F. Favorite mode of transportation
Hitchhiking, especially in Chilean Patagonia, where locals actually stop to apologize if they don’t have room for you.
J. Journey that took the longest
In my 20s I promised myself that I’d save up my money and travel the world. But, for a lot of reasons, I never did. When I hit 30, I realized it was now or never. Four more years went by before I summoned the courage.
In May 2013, I finally took off on the biggest adventure of my life: a year-long sabbatical. It transformed me. I found love, moved to join my now-husband on his farm in Catalunya, Spain, and started my own life coaching business.
My year off also included the super fun adventure of meeting my German friend Caren, who had the crazy plan to hitchhike down the length of the Carretera Austral, Chile’s southernmost scenic highway through Patagonia, cross into Argentina on foot, and continue to Torres del Paine. It took us two months. Slow travel.
I’ll be sharing more about my sabbatical at my free online coaching event “Six Steps to Launch Your Dream” on Thursday, October 29. Check it out if you’re interested!
L. Let-down sight, why and where
Crater Lake, Oregon. Don’t get me wrong: Crater Lake is truly a gem. But a visit there basically consists of driving of the rim, taking selfies and stopping for a glass of wine at the lodge. The few hiking trails they have are only open in late summer. Not the awesome outdoor adventure my husband and I hoped for on our honeymoon.
M. Moment where you fell in love with travel
My paternal grandparents were from Japan, and when I was 12, my parents took us there. Japan was so foreign. As a novice traveler, I often confronted cultural differences with a negative (and very teenage) attitude. I wasn’t sure I “liked” Japan.
Then one afternoon we took a train to Takayama, a small city in the mountains. Raindrops streamed across the train windows, streaking the sight of mountains of the most amazing, verdant green I’d ever seen. We arrived at dark to Takayama, and wandered the quiet, dark, puddled streets to a modest hotel. Later, I ventured down to the hotel’s small onsen, a public bath. I had it all to myself. I sunk into the hot water, the green of the mountains still before my eyes, the peaceful enchantment of this mountain city hushed around me. I loved that such beautiful places existed – and that by traveling I could find them.
N. Nicest or most unique lodging you’ve stayed in
Several years ago I challenged myself to a nine-month wilderness survival immersion course (and wrote a blog about it). Our homework was to build our own survival shelter and spend the night in it without a sleeping bag. I didn’t sleep much.
O. Obsession – what are you obsessed with taking pictures of while traveling?

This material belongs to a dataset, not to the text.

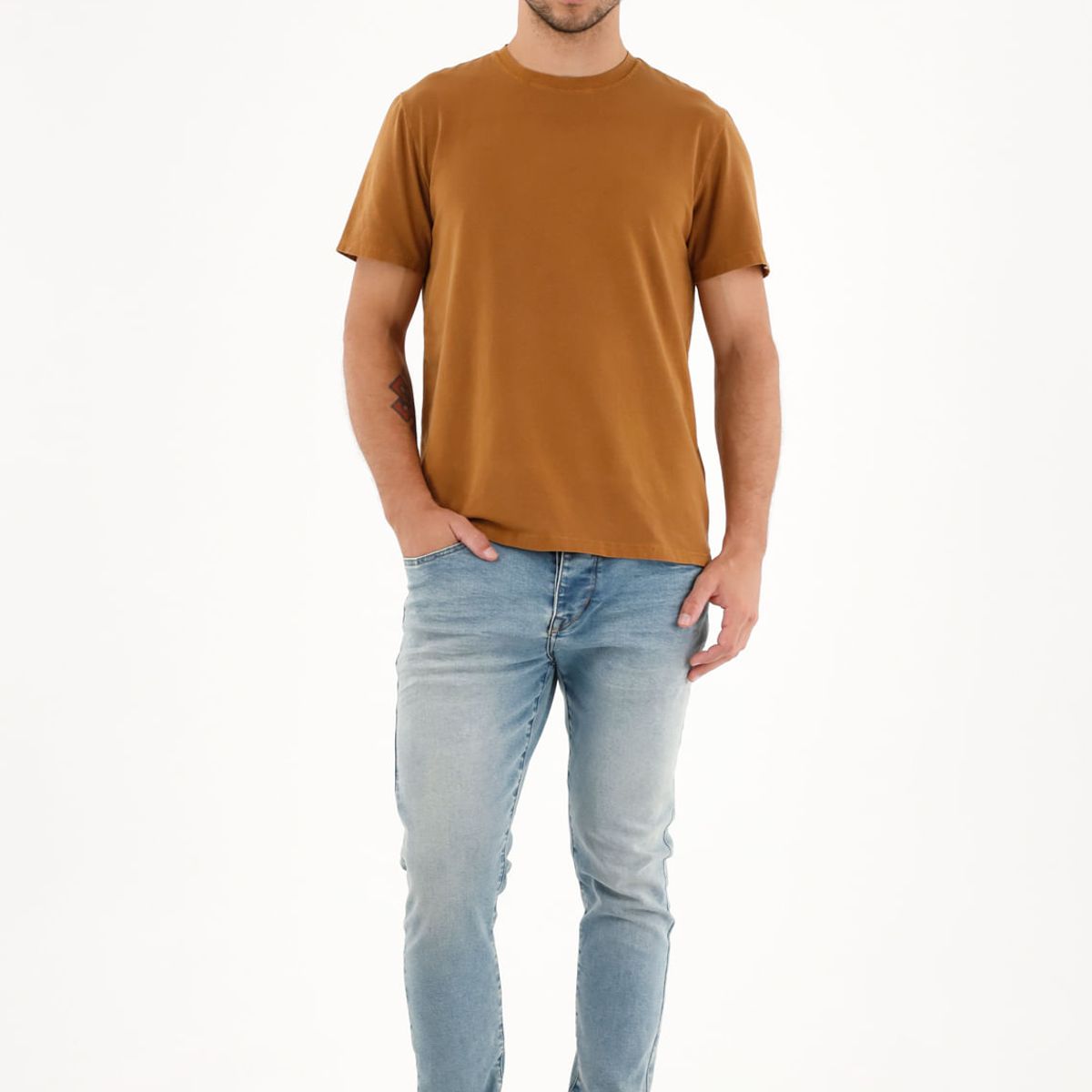 TENNIS - Camiseta en tela licrada café para hombre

Markets! My favorite pictures have been from the central market in San Cristobal de las Casas, Mexico and in Florence, Italy.
R. Recommended sight, event, and/or experience
Couchsurf! I joined Couchsurfing during my sabbatical year. As a solo traveler on a budget, Couchsurfing helped me meet locals and see a new culture up close, and it helped with my limited budget. I stayed with amazing people in both Europe and South America. I used its message boards to connect with locals and other travelers to attend events, meet for a drink or language exchange. I met my husband through this network, and have made wonderful friends. We continue to host Couchsurfing travelers at home. Our most recent guest was a charming man from Tunisia who was riding his bike around Catalunya.
S. Splurge – something you have no problem forking over money for while traveling
Random outdoor excursion, especially involving white water. On our hitchhiking adventure, my friend Caren and I ended up in the internationally known whitewater heaven of Futaleufu, Chile. We were surrounded by crazy U.S. kayakers who were running Class IV and V+ rapids on a daily basis (for fun). Caren and I, who were on a $5/day food budget, splurged on a whitewater rafting trip that blew my mind. The Futaleufu is the mightiest river I’ve ever been on. You ride waves that make you think you’re in the great wave troughs of the ocean and that you’ll never come out.
T. Touristy thing you’ve done
I was skeptical about doing the sunrise climb of Mt. Sinai in Egypt, but it was beautiful and magical, even though we nearly froze.
W. Wine, best glass of wine while traveling and where?
Lucca, Italy: A glass of Tuscan red under the stars, in the tiny plaza beside the wonderful Ostello San Frediano, a former convent.
X. eXcellent view and from where?
French Valley Mirador, near Campamento Britanico, in Torres Del Paine National Park, Chile. My friend and I backpacked the “circuit” of Torres Del Paine, a 53-mile seven-day trek. The French Valley Mirador, which is like an amphitheater of sharp, colorful mountain peaks, was the most unexpectedly breathtaking sight along the way.
Z. (Most) Zealous sports fans and where?
The mushroom hunters of Catalunya! Right now (September-November) is prime mushroom hunting season. There are lots of edible varieties here in the foothills of the Pyrenees. Wherever you go people are talking mushrooms: who found them, how many, where, and what a delicious dish they made! I swear, during this time of year, mushroom hunting is more popular than soccer. I’m a perfect fit for this sport because it involves two of my own favorite pastimes: walking in the mountains and eating!